* What you are asked to do: Your answer should be the records, restated word for word.

*****

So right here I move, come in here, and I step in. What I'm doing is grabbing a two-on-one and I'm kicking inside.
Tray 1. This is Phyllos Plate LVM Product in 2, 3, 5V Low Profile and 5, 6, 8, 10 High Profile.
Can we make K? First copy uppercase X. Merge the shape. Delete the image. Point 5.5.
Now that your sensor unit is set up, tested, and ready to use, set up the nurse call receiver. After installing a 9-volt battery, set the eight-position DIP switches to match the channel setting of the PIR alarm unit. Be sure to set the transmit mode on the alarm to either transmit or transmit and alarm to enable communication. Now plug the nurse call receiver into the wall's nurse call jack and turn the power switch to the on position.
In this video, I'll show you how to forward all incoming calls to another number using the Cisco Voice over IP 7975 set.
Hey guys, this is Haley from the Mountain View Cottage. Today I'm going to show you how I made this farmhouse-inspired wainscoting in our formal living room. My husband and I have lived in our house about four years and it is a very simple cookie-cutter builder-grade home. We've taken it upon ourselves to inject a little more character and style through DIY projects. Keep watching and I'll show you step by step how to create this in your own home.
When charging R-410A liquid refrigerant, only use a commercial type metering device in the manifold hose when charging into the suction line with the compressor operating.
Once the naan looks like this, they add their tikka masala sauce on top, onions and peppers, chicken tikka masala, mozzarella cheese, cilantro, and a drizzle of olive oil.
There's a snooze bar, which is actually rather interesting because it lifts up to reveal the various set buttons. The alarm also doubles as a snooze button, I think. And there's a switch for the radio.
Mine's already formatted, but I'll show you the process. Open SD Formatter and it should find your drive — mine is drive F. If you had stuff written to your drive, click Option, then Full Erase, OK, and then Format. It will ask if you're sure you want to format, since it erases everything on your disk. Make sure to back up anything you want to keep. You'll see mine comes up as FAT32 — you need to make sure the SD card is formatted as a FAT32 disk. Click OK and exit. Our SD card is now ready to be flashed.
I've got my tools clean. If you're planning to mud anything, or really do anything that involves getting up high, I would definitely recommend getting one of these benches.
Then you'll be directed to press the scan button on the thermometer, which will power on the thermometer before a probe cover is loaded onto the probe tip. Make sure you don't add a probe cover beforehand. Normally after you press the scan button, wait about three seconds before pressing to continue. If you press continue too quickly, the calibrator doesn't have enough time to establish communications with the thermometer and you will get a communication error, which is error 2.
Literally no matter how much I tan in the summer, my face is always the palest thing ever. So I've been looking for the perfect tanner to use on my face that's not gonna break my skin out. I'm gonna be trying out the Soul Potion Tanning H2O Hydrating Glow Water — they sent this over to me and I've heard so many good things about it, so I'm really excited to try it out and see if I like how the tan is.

*****

* Result for this task:
So right here I move, come in here, and I step in. What I'm doing is grabbing a two-on-one and I'm kicking inside.
Tray 1. This is Phyllos Plate LVM Product in 2, 3, 5V Low Profile and 5, 6, 8, 10 High Profile.
Can we make K? First copy uppercase X. Merge the shape. Delete the image. Point 5.5.
Now that your sensor unit is set up, tested, and ready to use, set up the nurse call receiver. After installing a 9-volt battery, set the eight-position DIP switches to match the channel setting of the PIR alarm unit. Be sure to set the transmit mode on the alarm to either transmit or transmit and alarm to enable communication. Now plug the nurse call receiver into the wall's nurse call jack and turn the power switch to the on position.
In this video, I'll show you how to forward all incoming calls to another number using the Cisco Voice over IP 7975 set.
Hey guys, this is Haley from the Mountain View Cottage. Today I'm going to show you how I made this farmhouse-inspired wainscoting in our formal living room. My husband and I have lived in our house about four years and it is a very simple cookie-cutter builder-grade home. We've taken it upon ourselves to inject a little more character and style through DIY projects. Keep watching and I'll show you step by step how to create this in your own home.
When charging R-410A liquid refrigerant, only use a commercial type metering device in the manifold hose when charging into the suction line with the compressor operating.
Once the naan looks like this, they add their tikka masala sauce on top, onions and peppers, chicken tikka masala, mozzarella cheese, cilantro, and a drizzle of olive oil.
There's a snooze bar, which is actually rather interesting because it lifts up to reveal the various set buttons. The alarm also doubles as a snooze button, I think. And there's a switch for the radio.
Mine's already formatted, but I'll show you the process. Open SD Formatter and it should find your drive — mine is drive F. If you had stuff written to your drive, click Option, then Full Erase, OK, and then Format. It will ask if you're sure you want to format, since it erases everything on your disk. Make sure to back up anything you want to keep. You'll see mine comes up as FAT32 — you need to make sure the SD card is formatted as a FAT32 disk. Click OK and exit. Our SD card is now ready to be flashed.
I've got my tools clean. If you're planning to mud anything, or really do anything that involves getting up high, I would definitely recommend getting one of these benches.
Then you'll be directed to press the scan button on the thermometer, which will power on the thermometer before a probe cover is loaded onto the probe tip. Make sure you don't add a probe cover beforehand. Normally after you press the scan button, wait about three seconds before pressing to continue. If you press continue too quickly, the calibrator doesn't have enough time to establish communications with the thermometer and you will get a communication error, which is error 2.
Literally no matter how much I tan in the summer, my face is always the palest thing ever. So I've been looking for the perfect tanner to use on my face that's not gonna break my skin out. I'm gonna be trying out the Soul Potion Tanning H2O Hydrating Glow Water — they sent this over to me and I've heard so many good things about it, so I'm really excited to try it out and see if I like how the tan is.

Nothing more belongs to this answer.